Assignments

Assignments are posted here as they are assigned. Not every week has an assignment; some weeks involve only in-class work. Refer to the Syllabus for the complete schedule.

Standing policy: All assignments are due by the beginning of the next class unless otherwise specified.


Week 1: R Programming with Swirl

Assigned: Feb. 02 Due: Feb. 09 (before class)

Complete the following Swirl R Programming lessons:

Lesson Topic
1 Basic Building Blocks
2 Workspace and Files
4 Vectors
6 Subsetting Vectors
7 Matrices and Data Frames
12 Looking at Data

How to complete:

  1. Open RStudio
  2. Type library(swirl) then swirl() in the console
  3. Select “R Programming” and work through each lesson listed above

Submission: You will confirm completion via an in-class poll at the start of Week 2. No screenshots or documentation required.

Week 2: R Programming & Orange Data Mining

Assigned: Feb. 09 Due: Feb. 16 (before class)

R Programming:

Complete DataCamp: Introduction to Text Analysis in R – Chapter 1: Wrangling Text.

Optional: Replicate the in-class Orange demo

For extra practice, replicate the in-class demo by loading the presidential speeches corpus into Orange Data Mining and exploring it with the Corpus widget.

Download the corpus from the Data & Scripts page.

Steps:

  1. Download the presidential speeches CSV from the Data page
  2. Add it to a subfolder in your repo (e.g., /data/president_speeches/)
  3. Commit and push via GitHub Desktop
  4. Open Orange Data Mining
  5. Add a Corpus widget and load the CSV from your data folder
  6. Explore the corpus – browse speeches, filter, search
  7. Save your workflow (.ows file)

Submission: Upload your .ows file and a screenshot of your Orange workflow to your GitHub repository.

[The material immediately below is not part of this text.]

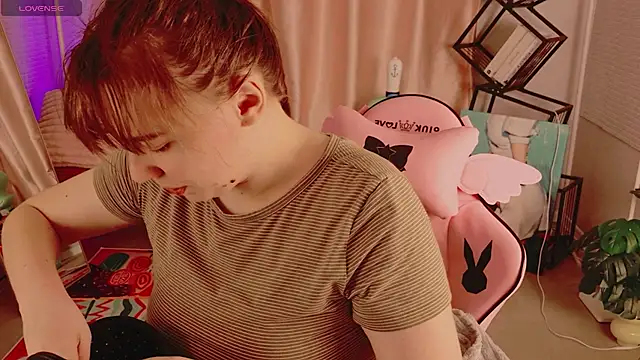 Snapshot of Moon__Bunny chatting on June 7, 3:28 pm Moon Bunny online show from June 7, 3:28 pm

Week 3: Text Preprocessing Basics

Assigned: Feb. 16 Due: Feb. 23 (before class)

Required — R Programming:

Complete DataCamp: Introduction to R — Chapter 1 (Intro to Basics) and Chapter 2 (Vectors).

Optional — Preprocessing Practice (choose one or both):

Practice the full Korean text preprocessing pipeline on the presidential speeches corpus using Orange Data Mining, R, or both. To demonstrate your preprocessing, generate a word cloud from the result — this is a quick way to verify that your pipeline is working and producing meaningful output.

Option A: Orange Data Mining

Download the preprocessing script for your OS from the Data & Scripts page. Refer to the widget pipeline on the Presentations page (Orange column) for the full workflow.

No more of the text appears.